Byron council policy puts Bluesfest under threat: organisers
Earth, Wind and Fire perform at the Bluesfest festival.
The future of Bluesfest is under threat because of the Byron Shire Council's policy of restricting the number of music festivals, the organisers say.
The festival's director, Peter Noble, said the iconic music festival, whose headline acts this year include Cold Chisel, John Butler Trio and Earth Wind & Fire, could be forced out of Byron Bay because of the policy.
The festival is held annually at Tyagarah Tea Tree Farm, 11 kilometres north of Byron Bay, at Easter. It has has approval to operate until 2020.
Only two major outdoor music events are permitted in the Byron Shire each year, and the council is seeking to make this policy even more restrictive.
The slots are currently taken up by Bluesfest and Splendour in the Grass.
Last week, the NSW Planning Assessment Commission, a state government body, overrode council policy and gave the green light to the organisers of Splendour in the Grass to hold three events over a maximum of 10 days each year at its Yelgun Festival site at North Byron Parklands.
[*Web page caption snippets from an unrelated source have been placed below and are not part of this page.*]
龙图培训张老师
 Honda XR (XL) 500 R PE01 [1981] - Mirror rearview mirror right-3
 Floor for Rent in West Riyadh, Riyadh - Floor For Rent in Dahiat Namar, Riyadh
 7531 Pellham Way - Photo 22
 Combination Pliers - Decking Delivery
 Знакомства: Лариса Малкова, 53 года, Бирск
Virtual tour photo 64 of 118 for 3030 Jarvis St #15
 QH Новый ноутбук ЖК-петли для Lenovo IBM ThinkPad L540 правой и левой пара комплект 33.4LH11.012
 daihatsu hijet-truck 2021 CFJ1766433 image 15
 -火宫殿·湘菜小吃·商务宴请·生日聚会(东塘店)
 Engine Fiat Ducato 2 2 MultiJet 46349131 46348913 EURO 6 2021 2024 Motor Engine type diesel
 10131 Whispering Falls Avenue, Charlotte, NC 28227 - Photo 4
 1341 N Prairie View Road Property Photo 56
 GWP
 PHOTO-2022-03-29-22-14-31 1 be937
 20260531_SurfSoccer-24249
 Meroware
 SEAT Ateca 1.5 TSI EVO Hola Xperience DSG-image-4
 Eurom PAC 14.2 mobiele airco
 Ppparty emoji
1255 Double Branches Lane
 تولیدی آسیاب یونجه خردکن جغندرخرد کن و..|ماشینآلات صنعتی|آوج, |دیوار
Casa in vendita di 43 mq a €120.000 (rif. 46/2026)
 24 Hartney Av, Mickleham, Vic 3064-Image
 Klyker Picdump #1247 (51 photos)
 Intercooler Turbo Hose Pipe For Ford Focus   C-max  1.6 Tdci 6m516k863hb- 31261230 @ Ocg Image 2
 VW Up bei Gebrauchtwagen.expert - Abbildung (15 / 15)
Mr Noble said Bluesfest had invested $4 million in developing its festival site, but, given the current uncertainty, might have trouble obtaining loans for further investment.
A lawyer for the music festival, Brad Heydon, said any change to the council's planning rules would impact on the viability of the festival in the shire if it could not obtain approval beyond 2020.
Mr Heydon said Byron Shire's restrictions on major music events, particularly limiting the number of people attending and the number of events each year, went beyond the powers granted under the Environmental Planning and Assessment Act.
A petition against the council begun by Mr Noble last week has more than 7000 signatures, including those of musicians Ben Harper, John Butler and Michael Franti.
Mr Noble said the policy singled out live music even though other major events attracting large crowds were held in the Byron Shire, such as the Byron Bay Writers' Festival and a food and wine festival in Bangalow.
Large sporting events were not prohibited by the policy either.
The mayor of Byron Shire and Greens NSW MLC, Jan Barham, said Byron Bay did not need any more big music festivals.
"Having one Splendour and one Bluesfest is enough," she said.
She said the council wanted to encourage a diverse range of cultural events that catered for families and older people, not just to the young.
Mr Noble's campaign against Byron Shire has received support from the Sydney Opera House's head of indigenous programming, Rhoda Roberts, who said her efforts to stage an indigenous festival at Byron Bay had been stymied by the council's restrictive policy.
Cr Barham said the council would support a local indigenous festival, but not another large outdoor music event that merely included a few Aboriginal acts.